JAKARTA – Satuan Kerja Khusus Pelaksana Kegiatan Usaha Hulu Migas (SKK Migas) tengah menunggu review yang dilakukan Kontraktor Kontrak Kerja Sama (KKKS) terhadap target produksi migas 2020 sebagai respons terhadap anjloknya harga minyak dunia.

Dwi Soetjipto, Kepala SKK Migas,  mengatakan para KKKS telah melaporkan kondisi dan strategi menghadapi rendahnya harga minyak. Satu hal yang paling bisa dilakukan adalah dengan meningkatkan efisiensi melalui penundaan program pengeboran development pada tahun ini.

“Memang mulai ada beberapa KKKS yang menunda program drilling (pengeboran) tahun ini,” kata Dwi kepada Dunia Energi, Jumat (3/4).

Dia menuturkan tidak tertutup kemungkinan akan ada revisi target produksi migas untuk  2020, jika kondisi rendahnya harga minyak  berlangsung lama. “Kami saat ini sedang mereview untuk mengetahui berapa revisi target produksi tahun ini,” kata Dwi.

Menurut Dwi, kondisi harga minyak saat ini sangat memberatkan apalagi dalam beberapa pekan harga minyak terus di bawah US$30-an per barel.
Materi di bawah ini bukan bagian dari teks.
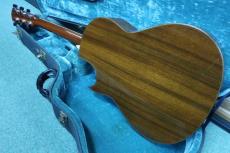 Larrivee C-10 / Florentine Cutaway・Flying Eagle Inlay・Presentation Style Fingerboard Inlay・Solid Spruce Top・Solid Rosewood Side and Back・Transparent pickguard【With Original Hard Case】1991年製_5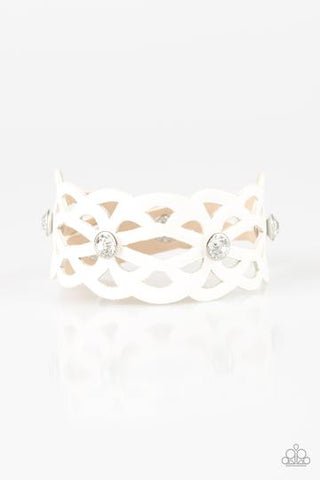 Paparazzi Runaway Radiance - White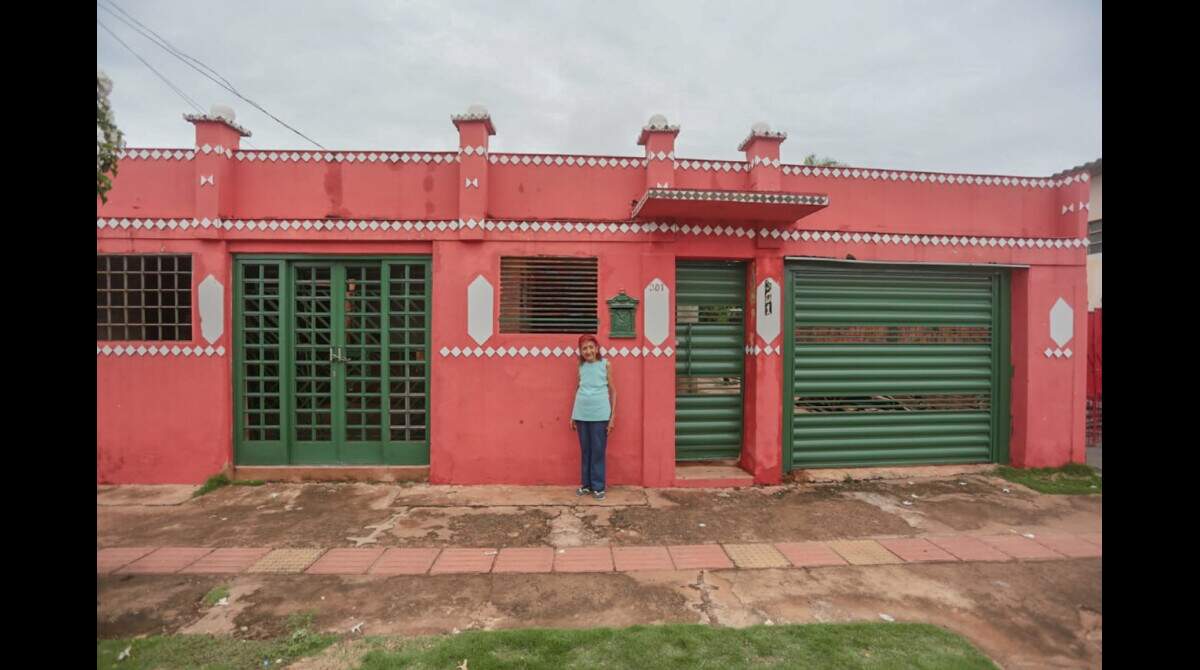 Em última rua de paralelepípedos, casa foi erguida para amor de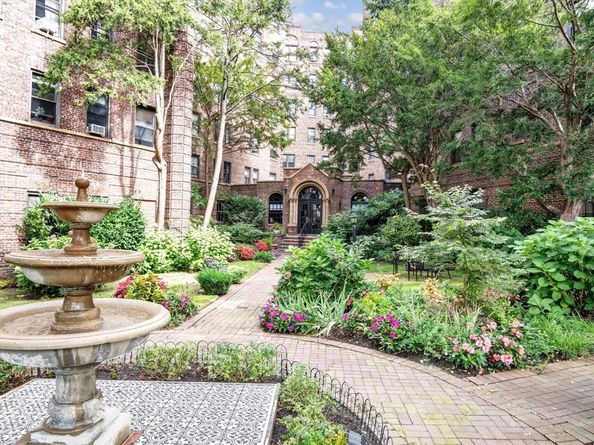 8 Barstow Road 7H, Great Neck NY 11021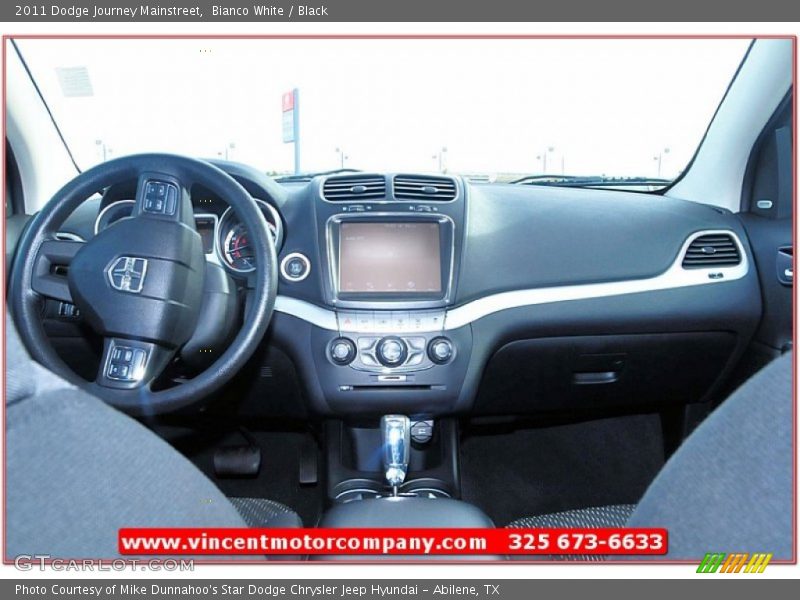 Bianco White / Black 2011 Dodge Journey Mainstreet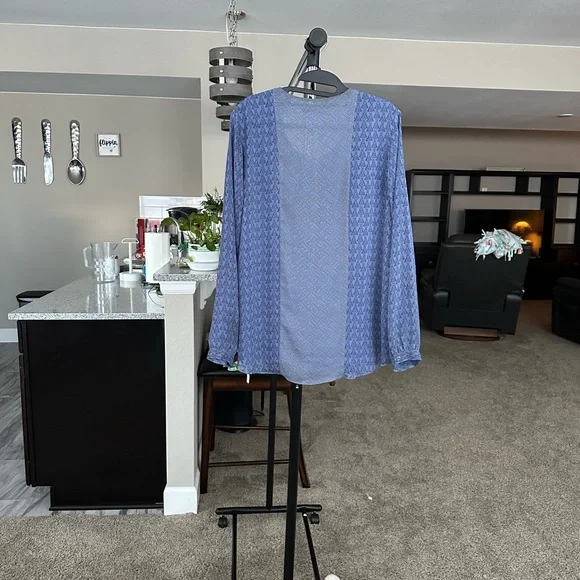 Coldwater Creek blue with beading Blouse. Size Large 14-16 - Picture 2 of 7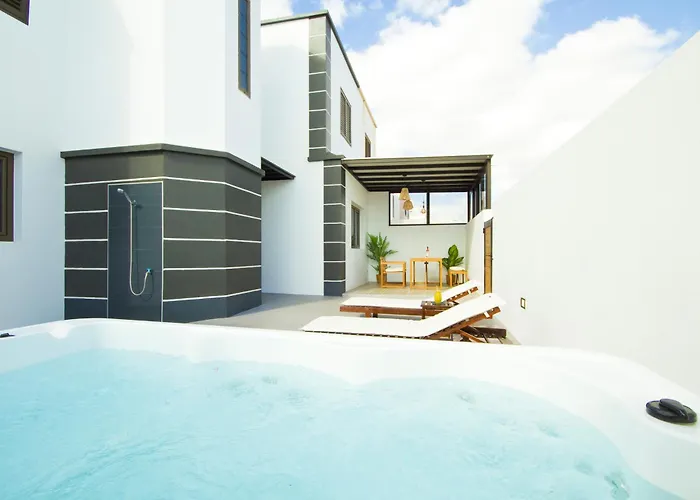 Casa Victoria - By Az * Playa Honda (Lanzarote)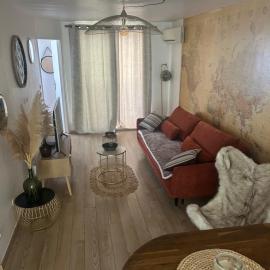 Cosy T2 avec terrasse à 5 min de la plage โรงแรมในแซ็ต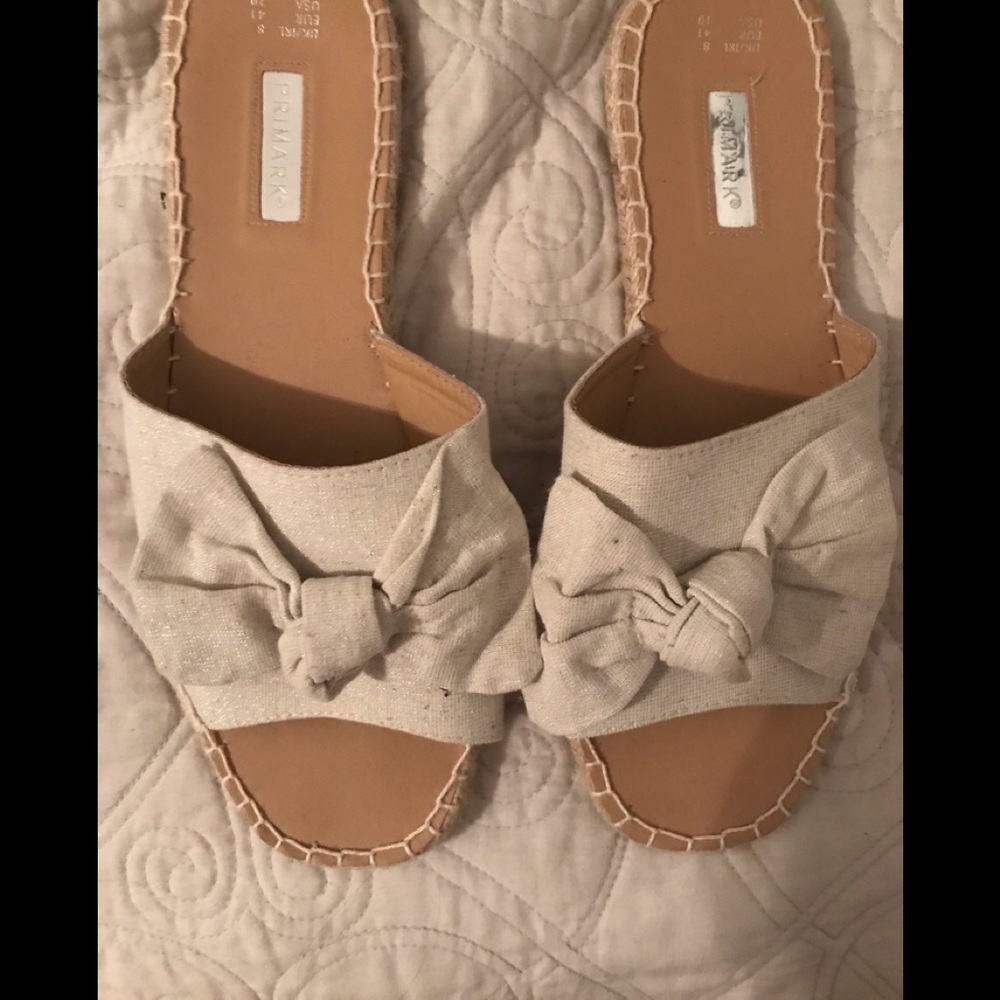 Bow tie slides
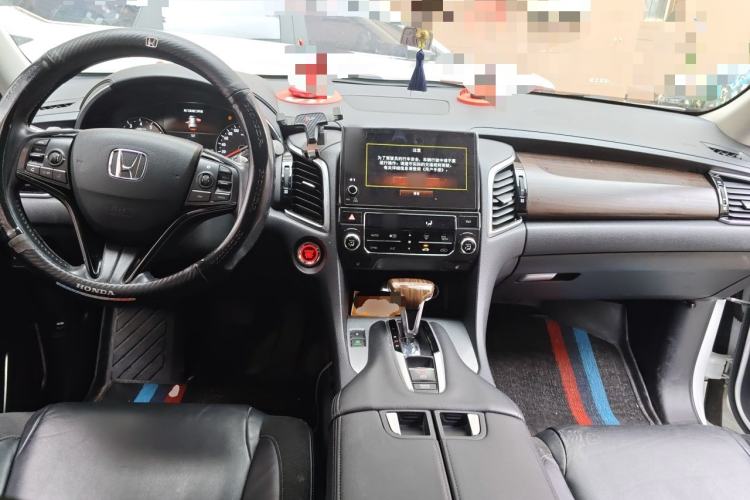 Used Honda Avancier 2017 240TURBO Two-Wheel Drive Luxury Edition Center Console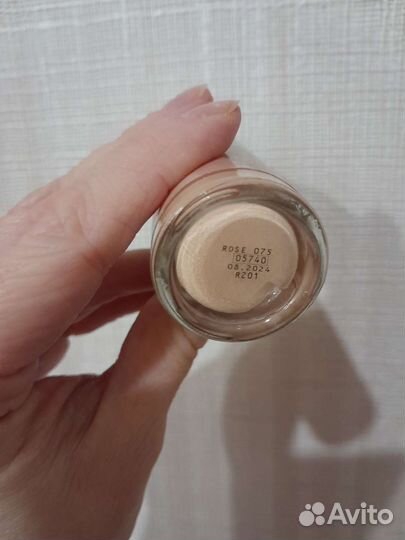 Тональный крем Ives rosher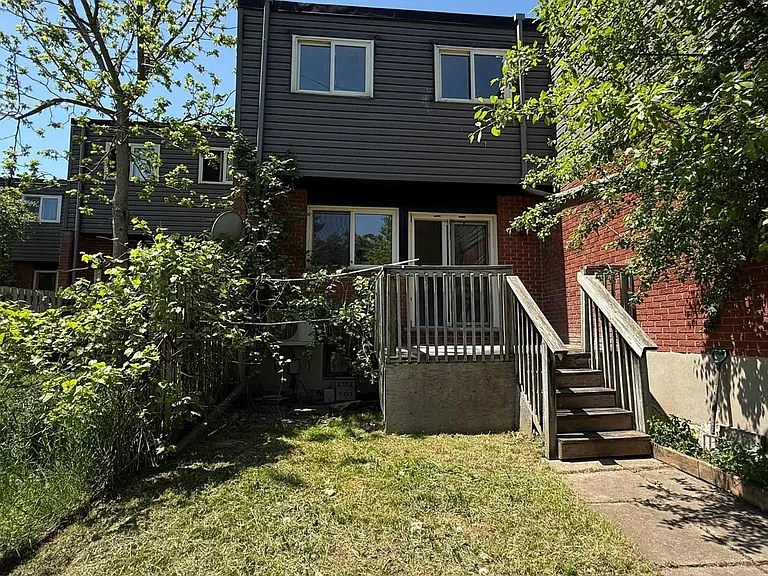 15 Scenic Dr #9 — Photo 24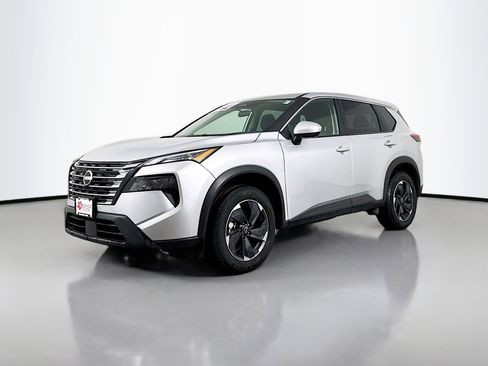 Used 2025 Nissan Rogue SV AWD/4WD image 3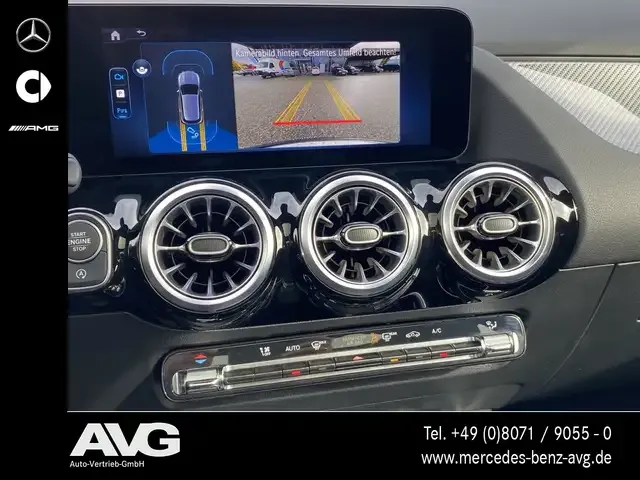 Mercedes-Benz GLA 220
Wajar jika tidak sedikit perusahaan memilih untuk melakukan pemangkasan produksi, karena sudah tidak ekonomis jika terus ngotot menggenjot produksi.

Dia menceritakan ketika harga minyak terkoreksi hinga di bawah US$40 per barel, sudah mulai ada produsen migas menderita kerugian.

“Sesungguhnya di bawah US$40 per barel, sudah mulai ada produsen yang sufferings, apalagi di bawah US$30 per barel. Dalam kondisi ekonomi dunia yang melemah, tentu saja harga ini akan dipengaruhi seberapa besar produsen besar akan mengurangi produksinya, karena memang sudah tidak ekonomis,” ungkap Dwi.

Rendahnya harga minyak sebenarnya sudah dimulai sejak awal 2020. Kondisi ini makin diperparah ketika perang harga terjadi antara Amerika Serikat dan Arab Saudi serta Rusia yang membuat harga minyak jatuh lebih dalam. Kondisi tersebut diperburuk dengan wabah virus Corona atau covid-19 yang menjadi pandemi di dunia sehingga konsumsi minyak berkurang drastis. Alhasil sudah beberapa pekan terakhir harga minyak dunia tidak beranjak dari posisi US$ 20-an per barel.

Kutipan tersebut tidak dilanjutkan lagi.